*DATA EXCERPT*:

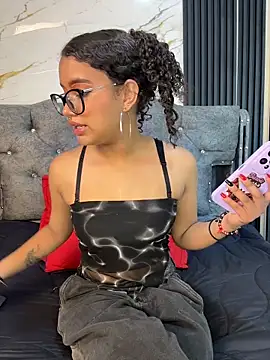 Bunny fire online show from March 27, 7:15 pm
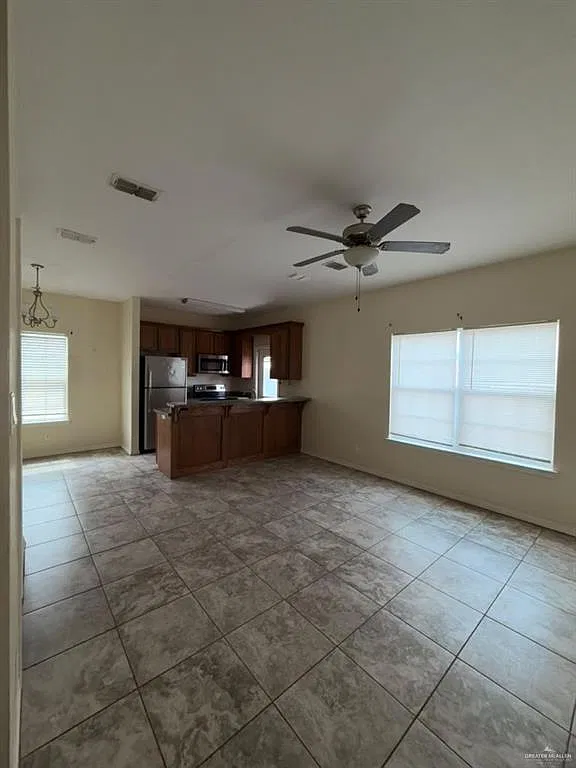 3 bed, 2.5 bath, 1370 sqft, $1,300 — Photo 2
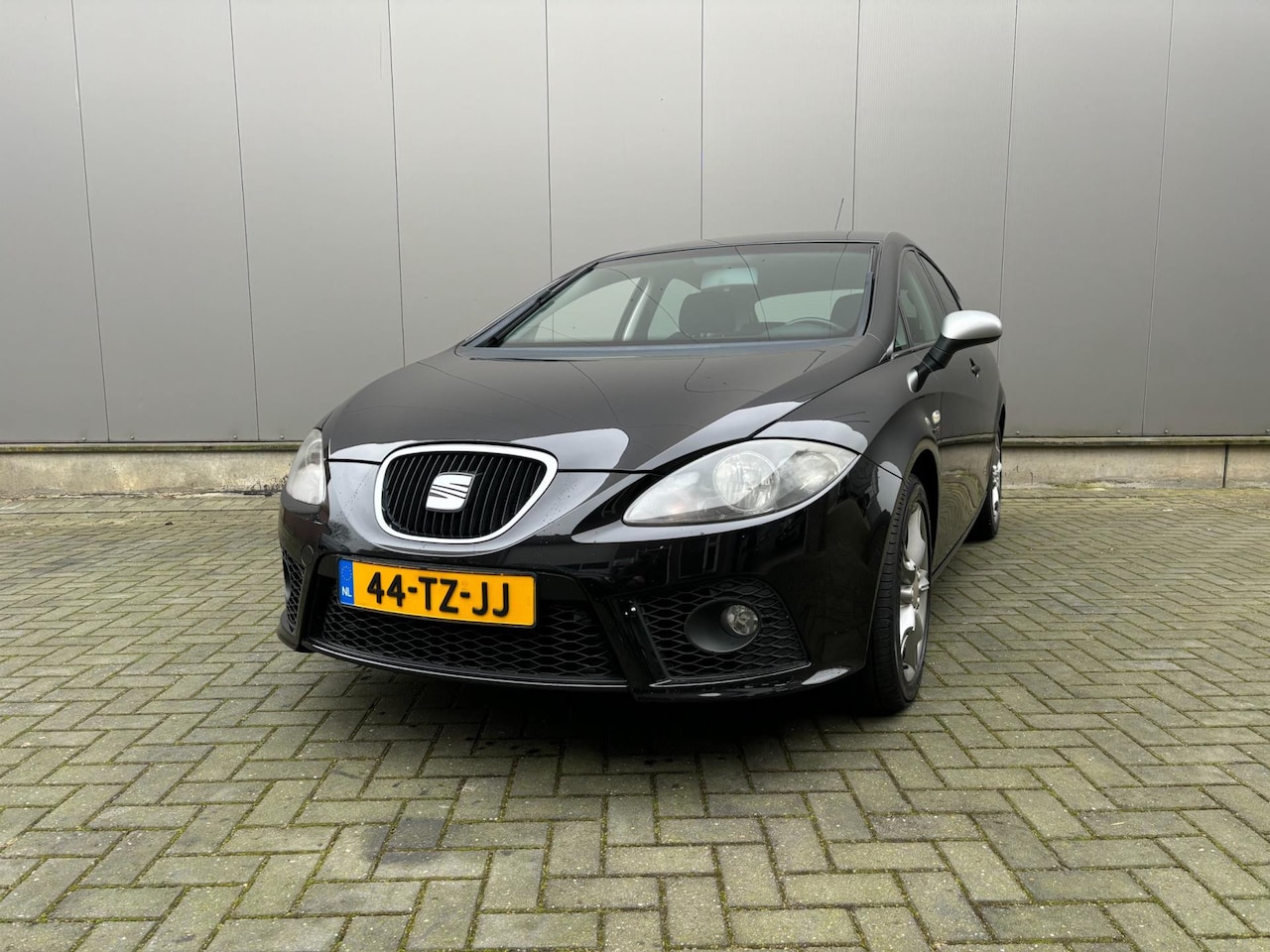 Seat Leon - 2.0 TFSI FR 2.0 TFSI FR - AutoWereld.nl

*TASK REQUIREMENTS*:
Once the images are set aside, retype all of the material above exactly.

*SOLUTION TO THIS TASK*:
 Bunny fire online show from March 27, 7:15 pm
 3 bed, 2.5 bath, 1370 sqft, $1,300 — Photo 2
 Seat Leon - 2.0 TFSI FR 2.0 TFSI FR - AutoWereld.nl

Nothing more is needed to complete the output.